EXERCISE REQUIREMENTS. The line containing "O-Ring 50,52 x 1,78 mm A 962 639 NU" marks the start of the required copy, which runs to the final line of the entries; return those lines exactly, without any pictures.

RECORDS TO PROCESS.

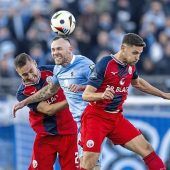 Final-Stimmung an der Ostsee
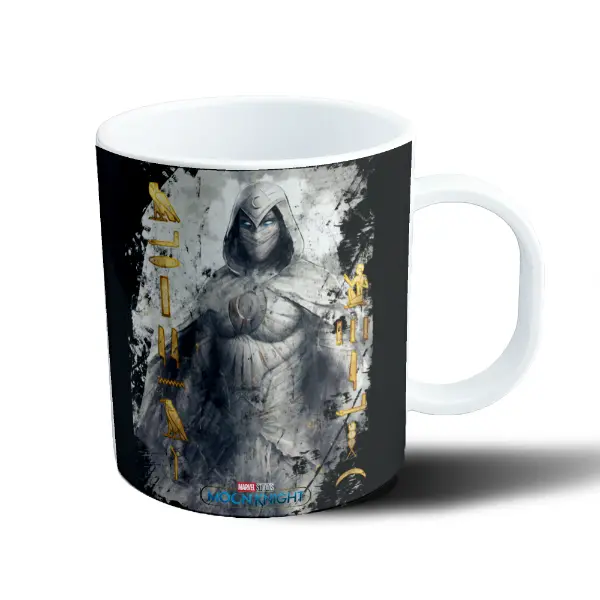 Taza de Plástico Moon Knight Caballero de la Luna Egipcio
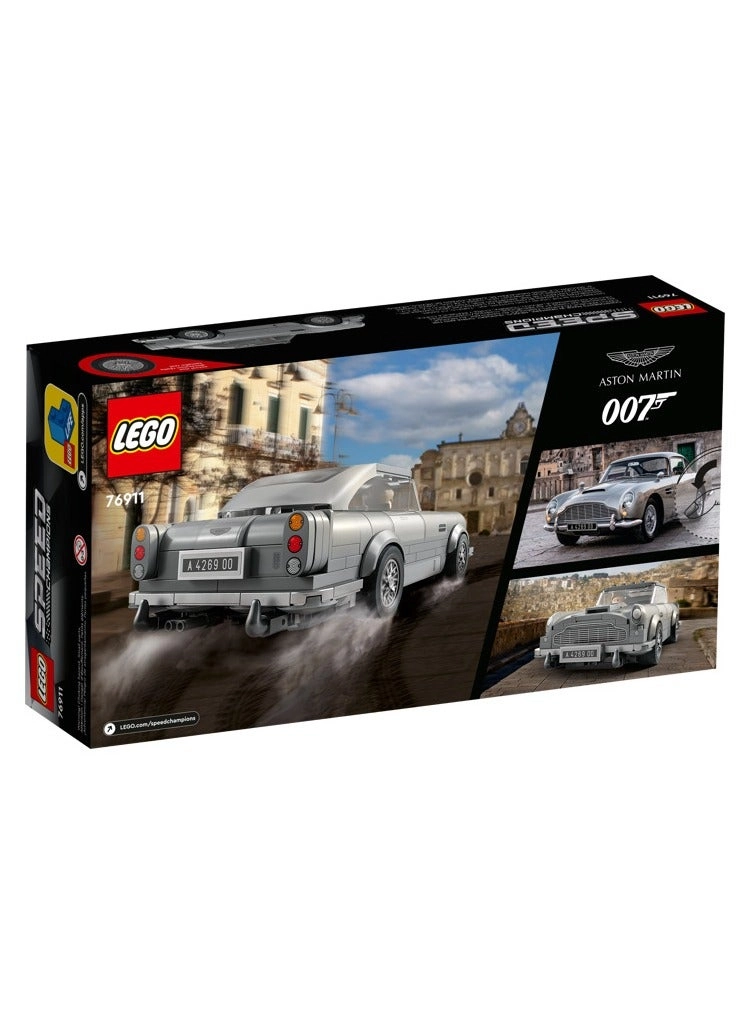 James Bond Speed Champions 007 Aston Martin DB5 (76911)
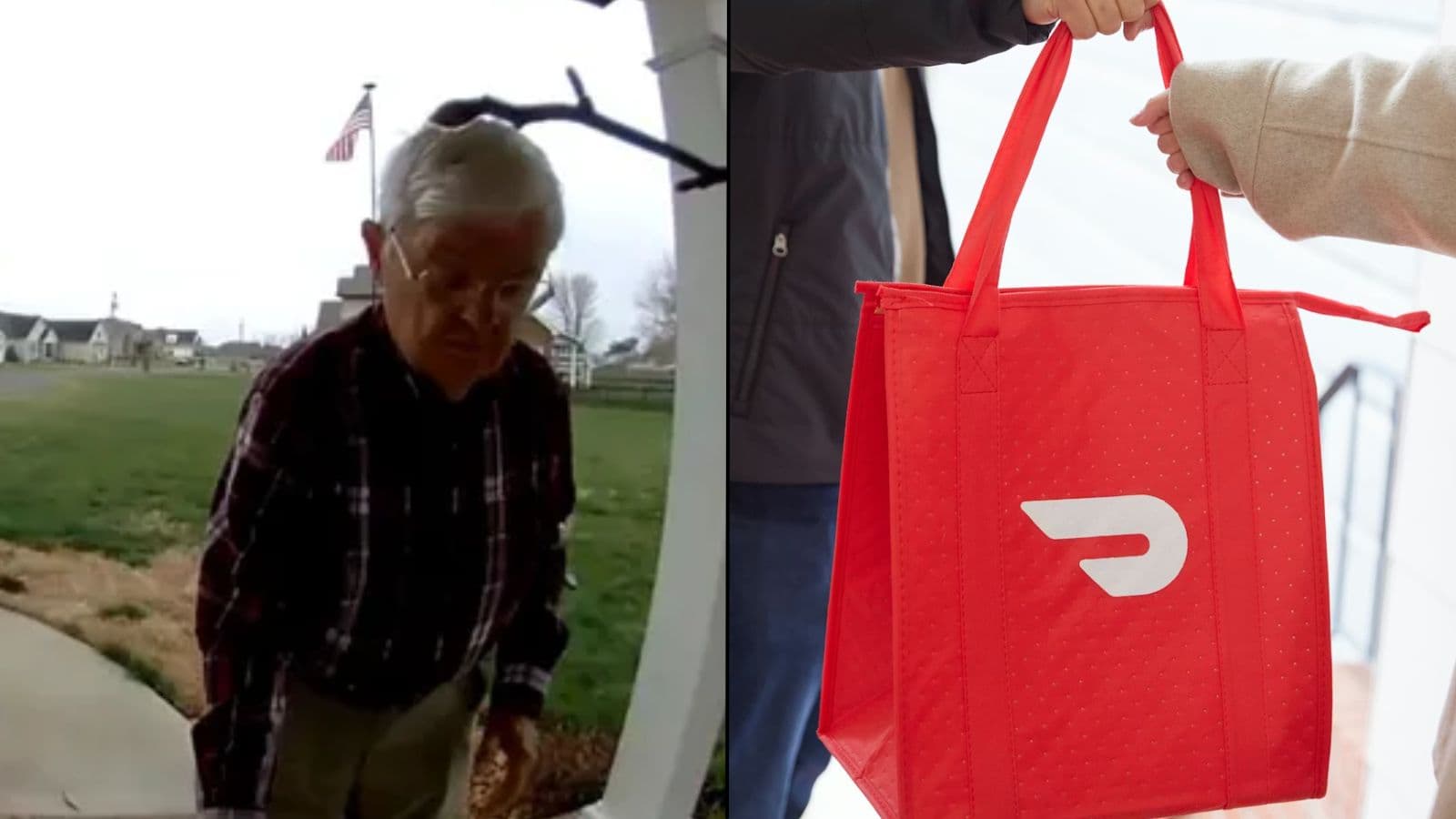 Internet raises $500k for elderly couple doing DoorDash to make ends meet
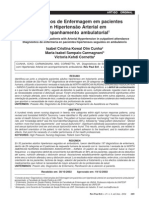 Diagnósticos de Enfermagem em Pacientes Com Hipertensão Arterial em Acompanhamento Ambulatorial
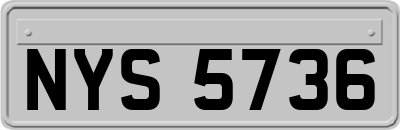 NYS5736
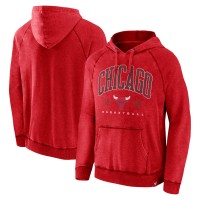 Толстовка Chicago Bulls Foul Trouble Snow Wash Raglan - Heather Red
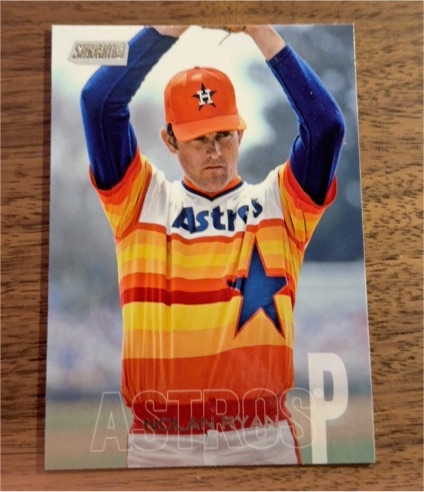 2018 Topps Stadium Club #133 Nolan Ryan — front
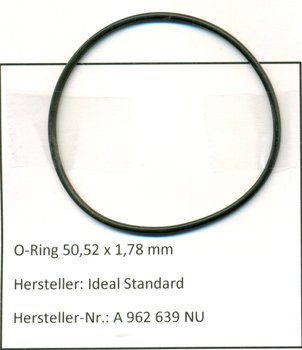 O-Ring 50,52 x 1,78 mm A 962 639 NU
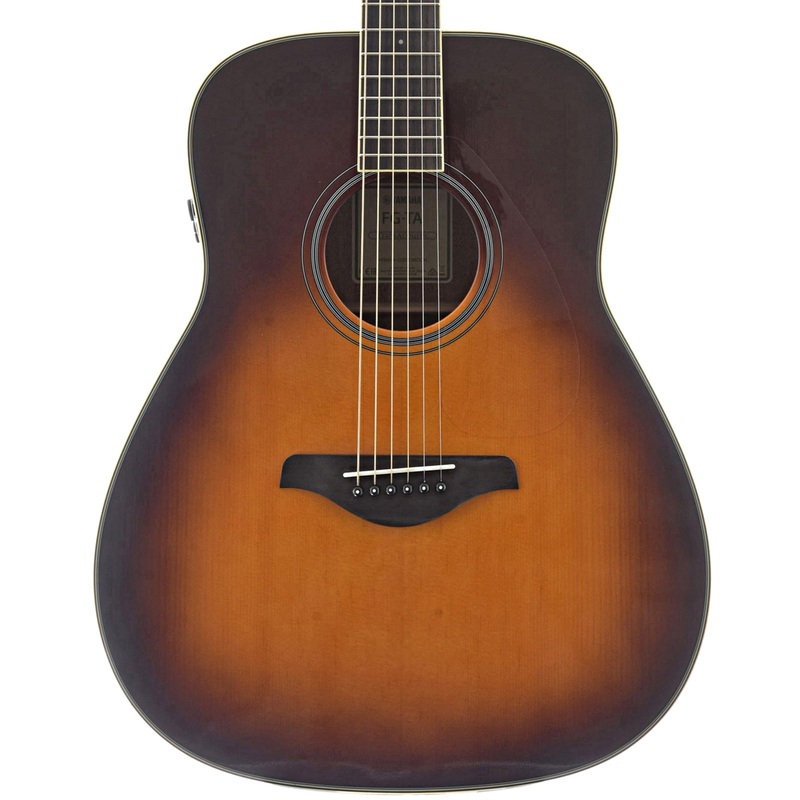 yamaha-fg-ta-brown-sunburst-transacoustic-guitar Yamaha FG-TA Brown Sunburst TransAcoustic Guitar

SOLUTION TO THIS TASK.
 O-Ring 50,52 x 1,78 mm A 962 639 NU
 yamaha-fg-ta-brown-sunburst-transacoustic-guitar Yamaha FG-TA Brown Sunburst TransAcoustic Guitar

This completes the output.